START RECORDS PROVIDED

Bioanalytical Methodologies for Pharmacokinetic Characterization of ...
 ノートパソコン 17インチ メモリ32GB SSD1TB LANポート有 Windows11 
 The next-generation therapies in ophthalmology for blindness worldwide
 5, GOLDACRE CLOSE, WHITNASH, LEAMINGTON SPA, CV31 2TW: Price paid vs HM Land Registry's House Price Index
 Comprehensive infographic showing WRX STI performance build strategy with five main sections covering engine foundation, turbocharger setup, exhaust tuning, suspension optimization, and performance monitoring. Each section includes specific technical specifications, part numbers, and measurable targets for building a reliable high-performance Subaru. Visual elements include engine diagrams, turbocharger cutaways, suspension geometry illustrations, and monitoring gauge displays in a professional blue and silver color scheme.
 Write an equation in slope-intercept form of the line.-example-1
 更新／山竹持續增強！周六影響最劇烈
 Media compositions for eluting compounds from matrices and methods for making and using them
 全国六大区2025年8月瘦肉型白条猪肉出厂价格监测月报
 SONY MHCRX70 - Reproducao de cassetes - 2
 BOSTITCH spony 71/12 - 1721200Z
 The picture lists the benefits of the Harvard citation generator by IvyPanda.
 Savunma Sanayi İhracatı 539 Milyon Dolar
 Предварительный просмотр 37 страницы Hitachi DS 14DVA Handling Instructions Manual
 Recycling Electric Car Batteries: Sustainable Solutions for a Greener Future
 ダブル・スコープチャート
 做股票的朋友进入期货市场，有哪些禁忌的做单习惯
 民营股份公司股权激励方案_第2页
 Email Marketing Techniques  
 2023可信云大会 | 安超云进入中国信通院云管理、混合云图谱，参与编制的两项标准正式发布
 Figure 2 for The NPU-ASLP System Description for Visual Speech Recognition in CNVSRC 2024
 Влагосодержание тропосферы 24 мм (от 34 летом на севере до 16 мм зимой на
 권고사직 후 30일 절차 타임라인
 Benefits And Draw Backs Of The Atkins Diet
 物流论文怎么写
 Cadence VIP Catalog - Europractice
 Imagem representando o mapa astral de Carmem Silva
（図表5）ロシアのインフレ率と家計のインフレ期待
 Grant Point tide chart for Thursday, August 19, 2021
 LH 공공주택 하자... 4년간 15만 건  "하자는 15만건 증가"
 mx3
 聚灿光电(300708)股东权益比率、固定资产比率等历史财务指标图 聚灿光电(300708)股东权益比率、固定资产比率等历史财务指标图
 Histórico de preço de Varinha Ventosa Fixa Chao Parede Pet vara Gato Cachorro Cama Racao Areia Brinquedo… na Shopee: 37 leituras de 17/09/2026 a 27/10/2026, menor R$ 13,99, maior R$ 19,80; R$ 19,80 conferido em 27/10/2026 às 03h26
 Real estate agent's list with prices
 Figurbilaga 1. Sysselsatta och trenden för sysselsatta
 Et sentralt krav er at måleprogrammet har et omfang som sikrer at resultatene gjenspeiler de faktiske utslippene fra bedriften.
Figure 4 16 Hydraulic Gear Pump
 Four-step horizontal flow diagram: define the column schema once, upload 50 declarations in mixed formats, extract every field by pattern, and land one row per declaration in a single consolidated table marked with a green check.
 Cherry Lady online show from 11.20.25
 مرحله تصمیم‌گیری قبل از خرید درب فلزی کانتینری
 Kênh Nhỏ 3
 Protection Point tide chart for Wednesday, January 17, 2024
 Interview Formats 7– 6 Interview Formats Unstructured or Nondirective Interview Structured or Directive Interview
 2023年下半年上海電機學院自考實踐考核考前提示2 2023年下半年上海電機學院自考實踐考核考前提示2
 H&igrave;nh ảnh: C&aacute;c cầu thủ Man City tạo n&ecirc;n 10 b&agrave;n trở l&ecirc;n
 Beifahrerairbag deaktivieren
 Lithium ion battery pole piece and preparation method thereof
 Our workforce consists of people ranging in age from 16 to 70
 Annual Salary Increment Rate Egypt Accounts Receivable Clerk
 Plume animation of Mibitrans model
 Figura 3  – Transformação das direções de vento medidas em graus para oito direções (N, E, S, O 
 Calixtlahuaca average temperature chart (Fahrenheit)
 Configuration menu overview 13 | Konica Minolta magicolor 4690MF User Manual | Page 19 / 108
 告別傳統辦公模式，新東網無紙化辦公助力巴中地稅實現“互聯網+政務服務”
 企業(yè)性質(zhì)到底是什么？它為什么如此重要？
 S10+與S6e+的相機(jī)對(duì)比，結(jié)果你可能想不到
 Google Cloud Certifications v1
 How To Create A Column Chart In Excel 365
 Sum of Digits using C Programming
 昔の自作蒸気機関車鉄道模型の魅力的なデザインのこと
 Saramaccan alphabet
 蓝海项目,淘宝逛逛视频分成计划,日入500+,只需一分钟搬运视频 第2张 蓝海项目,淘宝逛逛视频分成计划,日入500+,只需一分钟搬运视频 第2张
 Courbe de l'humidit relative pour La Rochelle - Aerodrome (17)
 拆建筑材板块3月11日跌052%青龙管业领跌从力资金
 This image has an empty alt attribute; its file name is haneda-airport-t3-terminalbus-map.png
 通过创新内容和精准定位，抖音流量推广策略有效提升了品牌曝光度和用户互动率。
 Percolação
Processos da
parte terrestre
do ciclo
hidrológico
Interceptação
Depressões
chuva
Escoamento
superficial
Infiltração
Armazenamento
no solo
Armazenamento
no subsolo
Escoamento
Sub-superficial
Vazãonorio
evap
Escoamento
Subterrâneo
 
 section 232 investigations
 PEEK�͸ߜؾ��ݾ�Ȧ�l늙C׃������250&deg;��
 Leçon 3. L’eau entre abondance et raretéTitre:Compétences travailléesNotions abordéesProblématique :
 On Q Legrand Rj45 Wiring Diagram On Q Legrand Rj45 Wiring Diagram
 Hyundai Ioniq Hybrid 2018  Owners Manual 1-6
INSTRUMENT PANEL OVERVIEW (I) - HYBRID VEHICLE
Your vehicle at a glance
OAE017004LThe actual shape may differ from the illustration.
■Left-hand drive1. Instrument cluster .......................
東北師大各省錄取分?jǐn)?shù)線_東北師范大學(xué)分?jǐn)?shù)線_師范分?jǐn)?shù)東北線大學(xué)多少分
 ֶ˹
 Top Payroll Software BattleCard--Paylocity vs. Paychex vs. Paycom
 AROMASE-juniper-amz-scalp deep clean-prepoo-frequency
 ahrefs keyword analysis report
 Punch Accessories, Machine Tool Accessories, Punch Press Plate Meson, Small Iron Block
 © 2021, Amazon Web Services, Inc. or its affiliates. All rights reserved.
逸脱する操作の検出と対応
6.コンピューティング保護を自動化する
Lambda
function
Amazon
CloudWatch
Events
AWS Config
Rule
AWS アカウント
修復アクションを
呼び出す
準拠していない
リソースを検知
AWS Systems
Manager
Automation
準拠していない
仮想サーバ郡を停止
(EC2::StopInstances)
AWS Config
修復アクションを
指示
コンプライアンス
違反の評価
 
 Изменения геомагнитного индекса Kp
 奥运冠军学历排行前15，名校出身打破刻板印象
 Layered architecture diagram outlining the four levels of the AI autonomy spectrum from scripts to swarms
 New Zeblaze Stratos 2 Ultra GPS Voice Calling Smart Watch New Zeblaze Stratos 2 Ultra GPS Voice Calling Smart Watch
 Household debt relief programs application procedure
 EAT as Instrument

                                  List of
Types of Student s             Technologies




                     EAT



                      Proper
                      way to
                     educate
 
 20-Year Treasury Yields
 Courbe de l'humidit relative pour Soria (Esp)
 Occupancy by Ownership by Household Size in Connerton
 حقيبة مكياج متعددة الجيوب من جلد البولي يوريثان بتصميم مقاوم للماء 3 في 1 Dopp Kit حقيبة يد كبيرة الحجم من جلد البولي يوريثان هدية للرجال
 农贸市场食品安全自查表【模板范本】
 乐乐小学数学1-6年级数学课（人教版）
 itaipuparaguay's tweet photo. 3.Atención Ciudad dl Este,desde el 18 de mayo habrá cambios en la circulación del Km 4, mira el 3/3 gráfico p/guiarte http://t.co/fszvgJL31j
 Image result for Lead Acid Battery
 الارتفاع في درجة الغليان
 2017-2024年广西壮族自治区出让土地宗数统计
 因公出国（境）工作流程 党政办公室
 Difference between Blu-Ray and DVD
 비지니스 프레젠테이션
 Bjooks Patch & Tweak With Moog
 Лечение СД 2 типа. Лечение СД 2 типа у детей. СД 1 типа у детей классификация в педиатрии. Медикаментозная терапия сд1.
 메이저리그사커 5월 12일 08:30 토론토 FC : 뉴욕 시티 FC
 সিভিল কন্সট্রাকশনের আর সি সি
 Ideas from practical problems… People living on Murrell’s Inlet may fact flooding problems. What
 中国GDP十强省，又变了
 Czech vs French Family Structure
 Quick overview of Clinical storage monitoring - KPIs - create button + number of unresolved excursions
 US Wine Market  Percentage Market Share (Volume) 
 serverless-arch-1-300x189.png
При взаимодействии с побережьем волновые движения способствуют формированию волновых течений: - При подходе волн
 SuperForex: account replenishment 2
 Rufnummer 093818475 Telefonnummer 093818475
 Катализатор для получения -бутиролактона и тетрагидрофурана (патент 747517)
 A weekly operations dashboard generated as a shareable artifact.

END RECORDS PROVIDED

- _PROBLEM REQUIREMENTS_: Take every line above where "monitoring" appears and copy it.

- _ANSWER SECTION_:
 Comprehensive infographic showing WRX STI performance build strategy with five main sections covering engine foundation, turbocharger setup, exhaust tuning, suspension optimization, and performance monitoring. Each section includes specific technical specifications, part numbers, and measurable targets for building a reliable high-performance Subaru. Visual elements include engine diagrams, turbocharger cutaways, suspension geometry illustrations, and monitoring gauge displays in a professional blue and silver color scheme.
 Quick overview of Clinical storage monitoring - KPIs - create button + number of unresolved excursions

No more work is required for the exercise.